You could write a book on Volkswagen's historic marketing masterstroke which turned a commercial van into a cultural icon. So it's a huge surprise that the future of the famous Camper looks so fragile... Much to the anguish of surfers across the world, the retro-styled Microbus concept of 2001 has been shelved.
It seems VW is not prepared to re-create the appeal of the original, and has gone instead for the soft option - the Camper has been reborn with the help of the current Caravelle.
Badged the California, the modern-day surf mobile is basically a heavily adapted van, much like the Sixties model. Up front, the standard Caravelle dashboard takes centre stage, but in the back everything is included - even the kitchen sink. There's also a fridge, twin gas hobs and a surprisingly comfortable fold-out double bed.
Much like its predecessors, the California's roof raises for more headroom and a second upper berth. A large awning also creates a sheltered area outside the sliding side door. Connect the VW to a campsite's utility supplies and you can be almost self-sufficient - all that's missing is a shower and toilet.

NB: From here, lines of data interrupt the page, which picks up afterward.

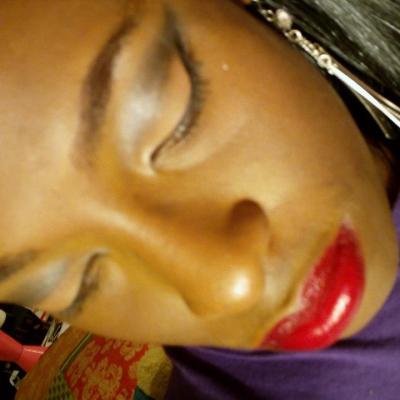 Deadria Williams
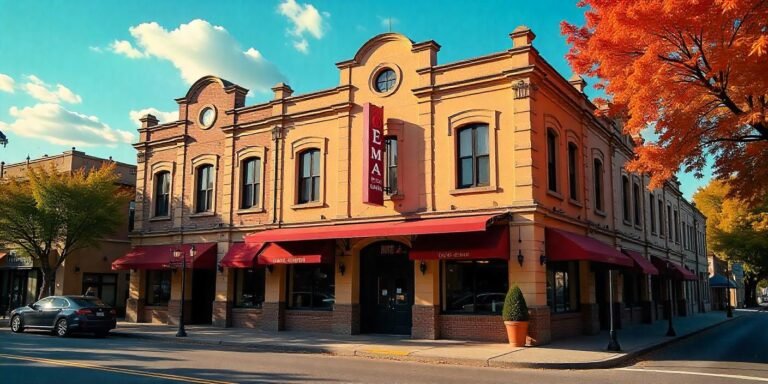Hotel Emma – San Antonio, Texas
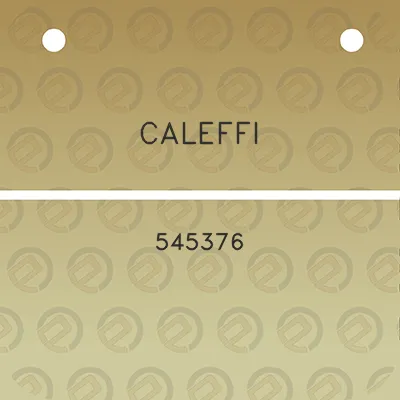 caleffi-545376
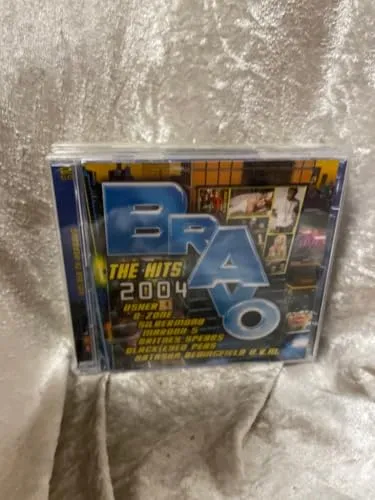 Bravo - The Hits 2004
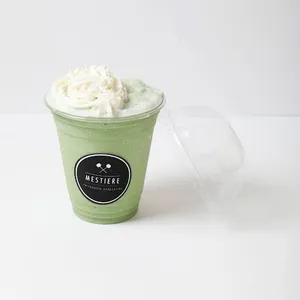 Frappe Matcha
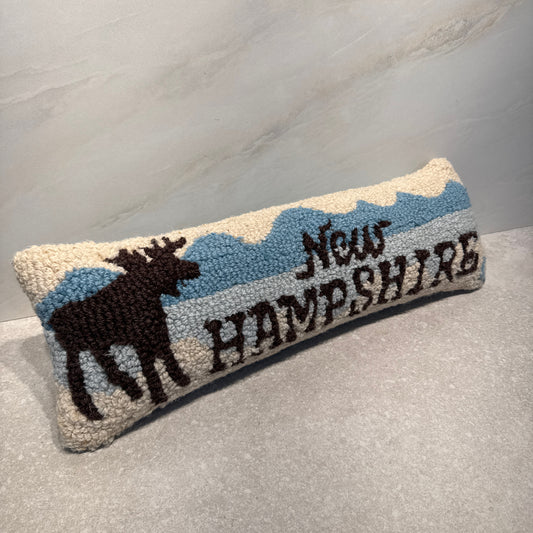 Pillow NH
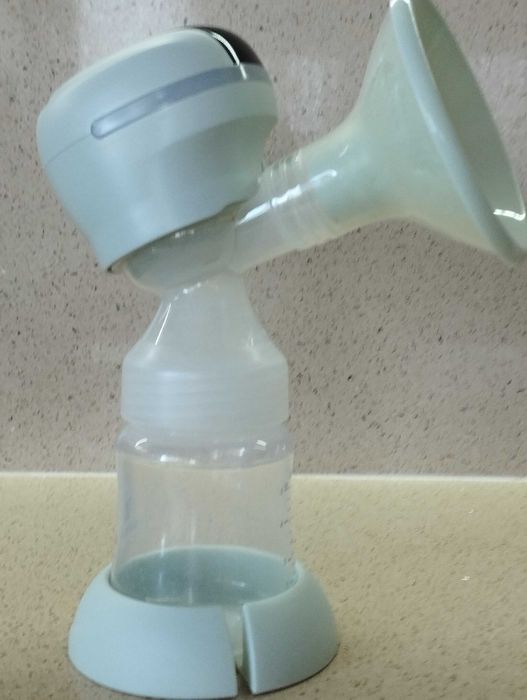 Електрическа помпа за кърма КikkaBoo  – КАТО НОВА!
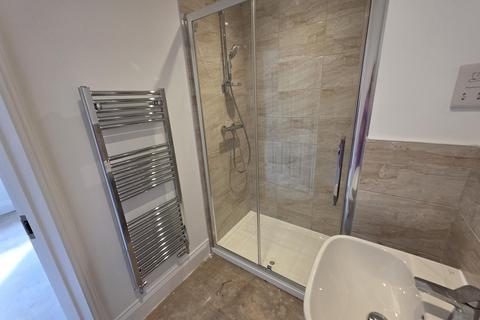 undefined, Plot 22, Maypole Road, Mansfield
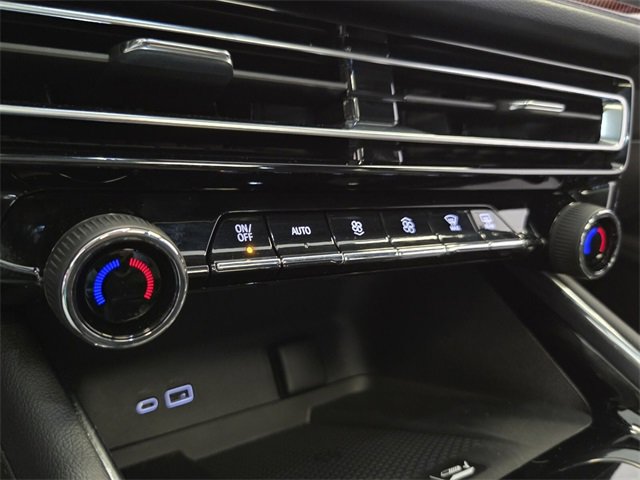 Used 2025 Chevrolet Traverse Z71 w/ Driver Confidence Package image 23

Out on the road there are a few extra rattles from the accessories in the back, but the Volkswagen is a relaxed and comfortable long-distance cruiser. However, tackle a corner too quickly and both understeer and body roll will remind you that this VW is not as agile as your average car. Two diesel powerplants offer either 128bhp or 172bhp. Our test model was fitted with the stronger unit, but felt far from swift at low speeds. The short first and second gears make keeping up with city traffic a challenge. At £34,045, the entry-level California will set you back £6,350 more than the equivalent Caravelle, while the top-spec four-wheel-drive model is priced at £37,945.
Buyers will have to take a lot of weekends away before the California begins to make financial sense - but no doubt about it, there are few more comfortable ways to camp.